J.F. Meyer, L. Spainhower,
Proc. ICSSEA 2001
[PDF.zip] |
Summary by
Armando FOx |
One-line summary:
To apply performability framework to Internet services, pick a metric such as
probability of rejected request (due to admission control during spike) or
probability of excess latncy to satisfy requiest; then assign reward levels 0 or
1 to the random var, and generate and solve a stochastic-process model of the
system to obtain a performability rating for it.
Overview/Main Points
Interesting short paper from lisa spainhower and john meyer (umich),
on applying performability to inet services.
they propose a 5-step approach that would allow a performability
characterization of an inet service. basically it requires the steps i
outlined at the mini-tutorial on fri, viz:
1. pick the parameter you want to measure that captures
"degradation" (in the example in this paper,eg, they showed
how you could use the probability that the server rejects a request
because it's down, too busy, etc, or you could use the incremental
latency experienced by a particular request due to high load. they did
not consider anything like having the server return a less-than-perfect
result, or other types of degradation)
2. characterize the workload with respect to the parameter (eg: given
the request load over a particular observaiton window, you can figure
out *from the user's perspective* the probabiltiy distribution that a
given request will be rejected)
3-5. build a stochastic model of the system and solve it (the
state transitions diagram stuff i showed you, resulting in the different
'performability' curves) - in the paper they don't try to do this but
assert that "well known methods"can be used
there is a pointer to another paper by Meyer (reference #16) that
"suggests the feasibility" of doing this, but i haven't read
that ppr...anyone?
-----Original Message-----
From: Lisa Spainhower [mailto:[email protected]] Sent: Monday,
September 16, 2002 12:21 PM To: [email protected] Subject: RE: MTTR
beats MTTF
Armando, The mainframe mixed workload case has parallels in the
distributed world and, in my estimation, will increasingly do so.

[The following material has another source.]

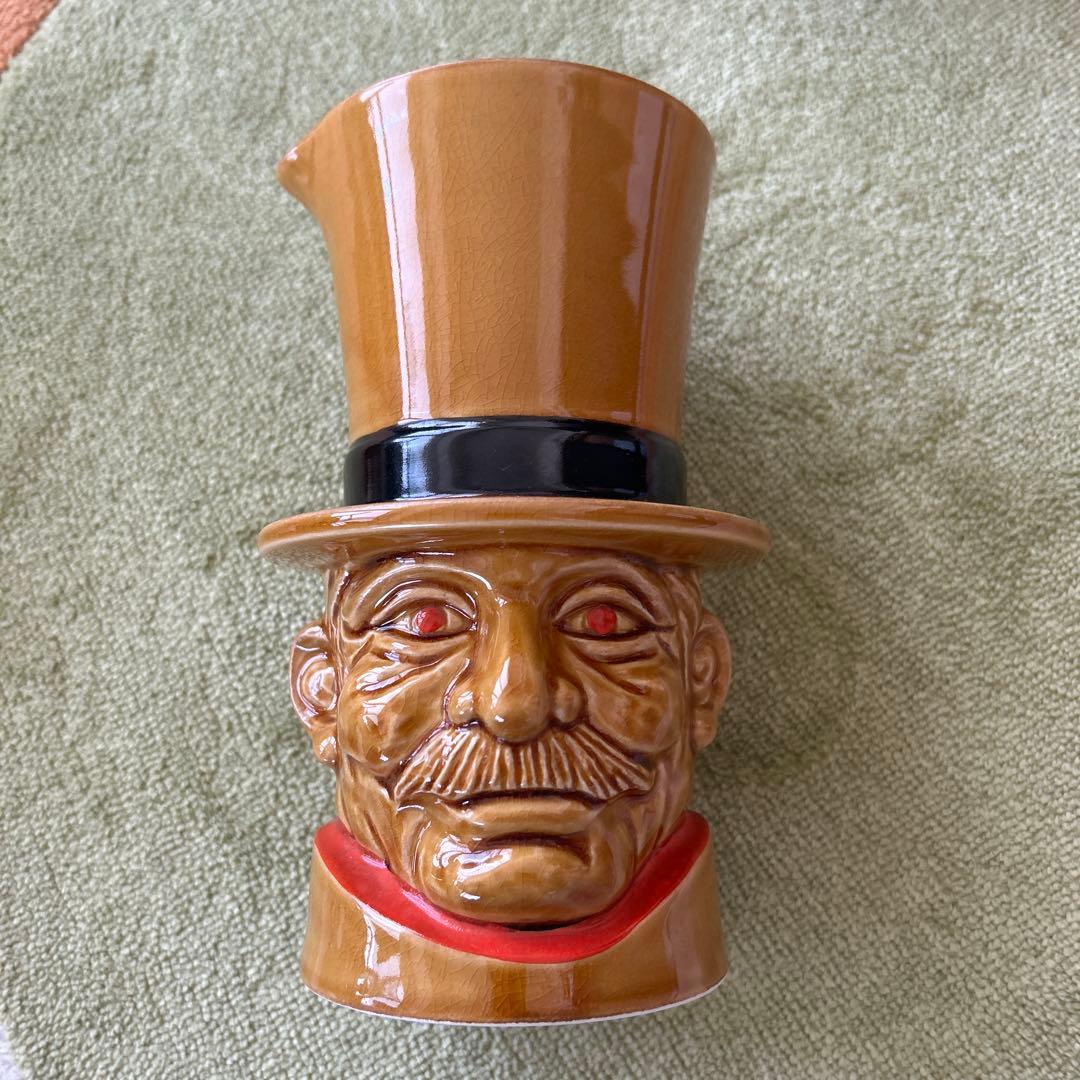 miles.ohashi 専用　SUNTORY トリスキャラクター陶器セット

Even
in a simple web server environment there is are DNS and firewall and
usually some kind of workload distributor servers that have more global
effect if they fail (bigger 'impact ratio')as compared to web servers
per se. In ERP applications like SAP it is common to have a big backend
DB server and lots of smaller application servers but some applications
- e.g., ordering - may impact other apps and some applications -
reporting, for instance - don't. This sort of componentization is
probably going to increase. I've quickly looked over your paper and want
to read it more carefully. Not to seem like I'm pushing my own paper,
but a more recent publication by John Meyer and myself on performability
does seem relevant. It is "Performability: an e-Utility
Imperative" published in ICSSEA 2001. I've attached the final
version. (See attached file: meyspain.doc)
Relevance
A tie between perforambility and Internet service workloads, which are not
what performability was originally designed to describe.
Flaws
The metrics proposed to be captured (probability of rejected request,
probability of excess latency) are effectively binary-valued...we should be able
to do better with gracefully-degrading primitives.
Doesn't say what to do with the performability curve once we have it.
(This came up at Sept. Santa Cruz retreat.) What does an operator do with
this number? What does it tell him/her? (We have been arguing that
MTTR is the metric for impact, not performability, but that we need a way to
capture degraded behavior when we are working on lowering MTTR.)